En mettant un écrivain ou un homme politique entre une actrice de charme et un humoriste, Ardisson a amené la culture aux masses. Son extraction sociale, sans doute. Car le royaliste à l’air hautain n’était ni noble, si même Parisien. Le masque ultime selon moi. Se faire passer pour un connard friqué et supérieur de naissance alors qu’il venait de Province et qui plus est d’un milieu modeste, c’était selon moi sa plus éclatante contradiction. Peut-être cette espèce de souci du peuple bien caché explique-t-il pourquoi il a créé et animé pendant tant d’années l’une des émissions les plus populaires du PAF, et donc pourquoi il a réussi, par le mélange des genres et l’introduction de « cul » un peu partout, à faire rentrer de force la culture à une heure de grande écoute.
Et si ses salves étaient bien souvent cruelles, c’était par pudeur. Comme disait Biraben sur France 2 – décidément fort brillante dans cette émission en direct ! – il n’avait pas les moyens d’être tendre.
Les gens qui ont peu confiance en eux transpirent l’arrogance. Les gens mal à l’aise sont cinglants avec les autres pour ne pas être les seuls à être mal à l’aise. « Y a pas de raison », disait-il. Les gens hypersensibles – les vrais, pas ceux qui utilisent ce concept à la mode à tort et à travers – le cachent souvent trop bien. La fameuse carapace est énorme. Les gens qui n’ont pas été aimés correctement pendant leur enfance ne peuvent pas se permettre d’exprimer sincèrement leurs sentiments. Pour cela, il faudrait déjà qu’ils s’aiment eux-mêmes, et ça, c’est impossible. Ce n’est pas rattrapable. Alors ils s’habillent bien souvent d’une armure de narcissisme tandis qu’en-dessous, la vérité est inverse : ils ne s’aiment pas. Ils ne s’aimeront jamais.

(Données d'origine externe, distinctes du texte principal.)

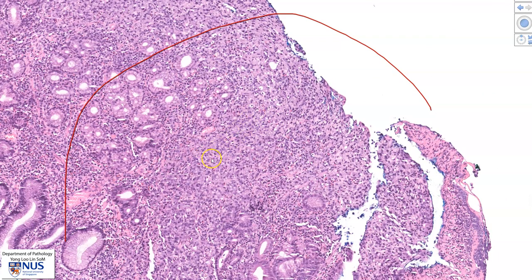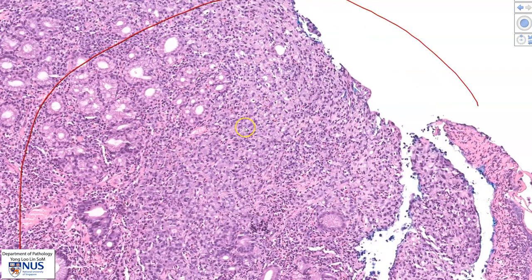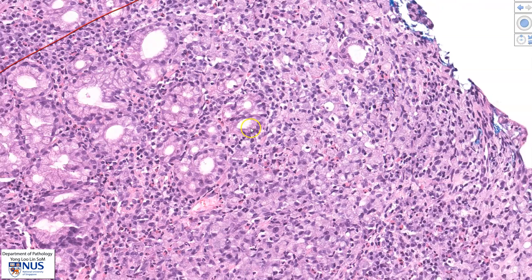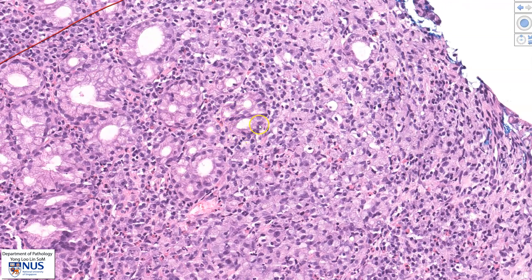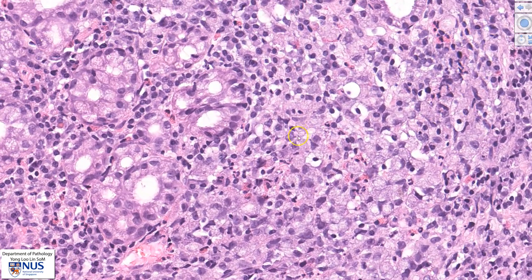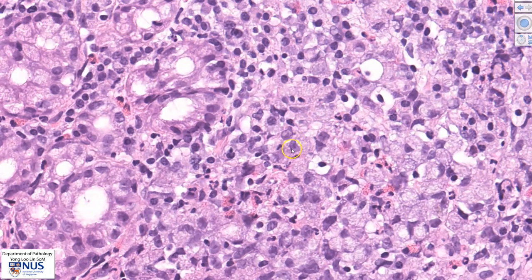Zooming in, we see that there are sheets of cells within the lamina propria and these do not form glands. Here we still have benign native gastric glands, while these are the sheets of malignant cells. The nuclei of the malignant cells are slightly larger, but not much larger than those of the benign gastric glands, and these nuclei appear irregular.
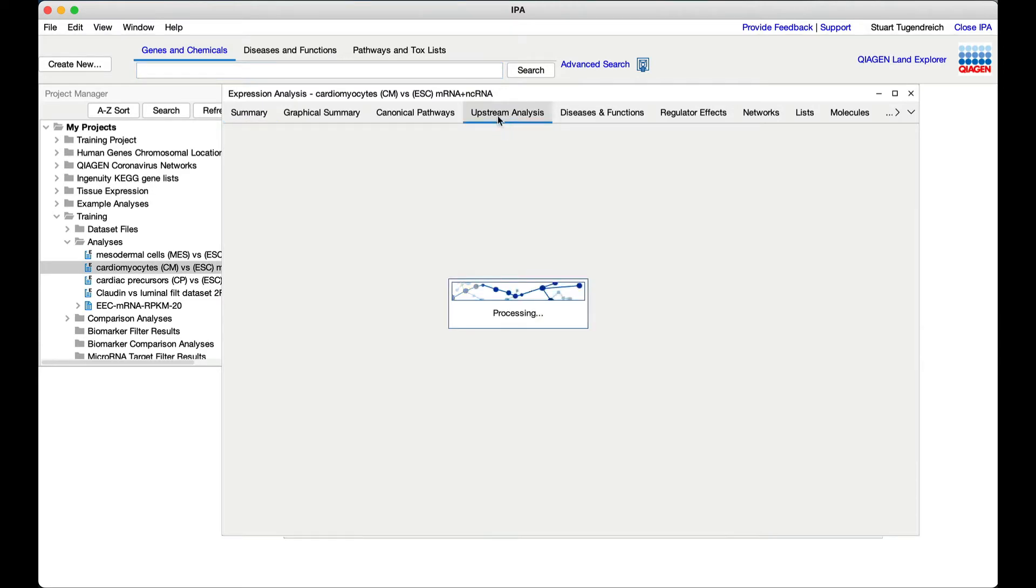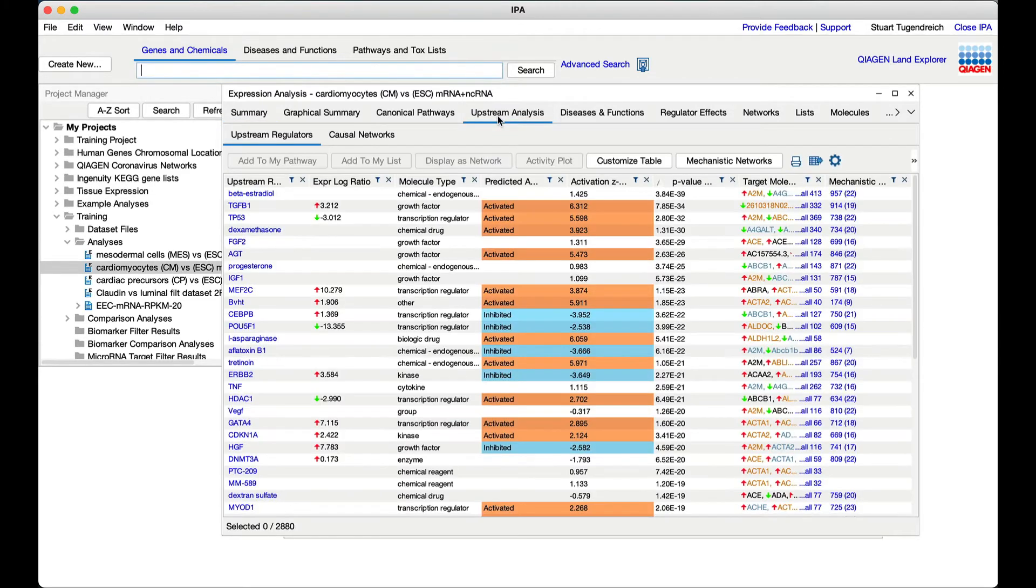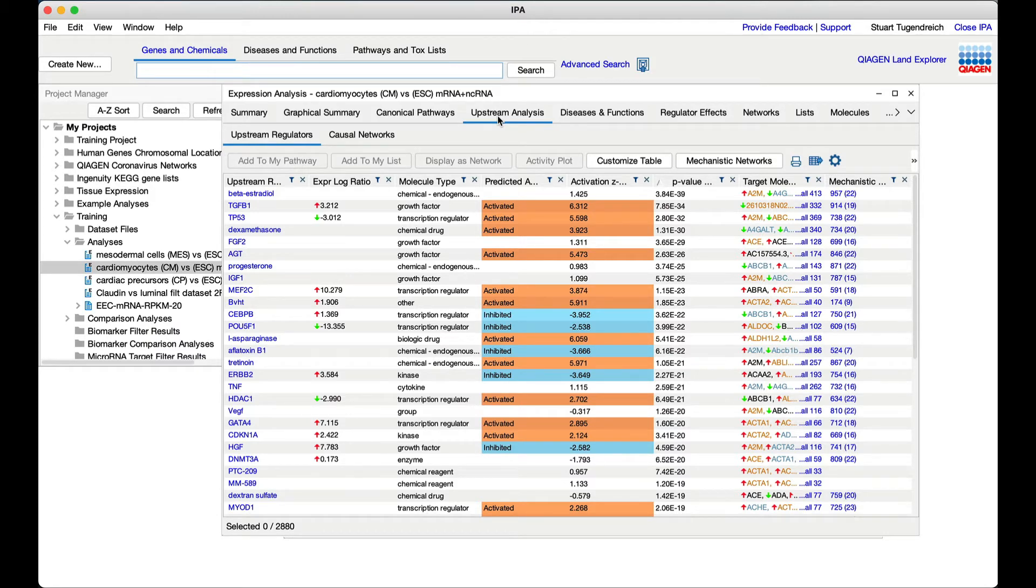Click on the upstream analysis tab. Each row represents a different predicted upstream driver of the expression of genes in the dataset. The table is sorted by p-values by default, where the most statistically significant upstream regulators are at the top of the table.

Voilà, malgré tout ce que les bien pensants disaient déjà de lui à l’époque, ce que j’ai toujours perçu d’Ardisson. J’ai passé mes samedis soirs devant ce type, j’ai tellement appris en regardant les adultes. Je suis même tombée amoureuse pour la première fois. C’était toute une époque, celle de la liberté, juste avant l’apparition des réseaux sociaux. Et la jeune fille que j’étais riait aussi aux blagues sexistes, car elle ne voyait pas le mal. Il en serait tout autrement aujourd’hui – vous n’imaginez pas à quel point !

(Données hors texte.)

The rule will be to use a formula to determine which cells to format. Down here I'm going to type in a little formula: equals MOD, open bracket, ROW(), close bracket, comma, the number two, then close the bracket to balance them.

À mes yeux, Ardisson était avant tout un homme cultivé, un intellectuel – lui qui rêvait de devenir écrivain –, perfectionniste, provocateur, curieux des autres et profondément sensible. Je n’arrive pas à croire que ce type avec qui j’ai grandi – je ne parle pas que d’âge – et en qui je me suis toujours retrouvée, soit mort. Les faux méchants, les vrais hypersensibles, ceux que tout le monde adore détester, ceux dont tout le monde parle (en mal), ceux qui servent de boucs émissaires idéaux et dont on ne retient que les méchancetés et jamais les bonnes actions, ceux qui payent pour les vrais méchants et faux gentils, ont perdu un phare.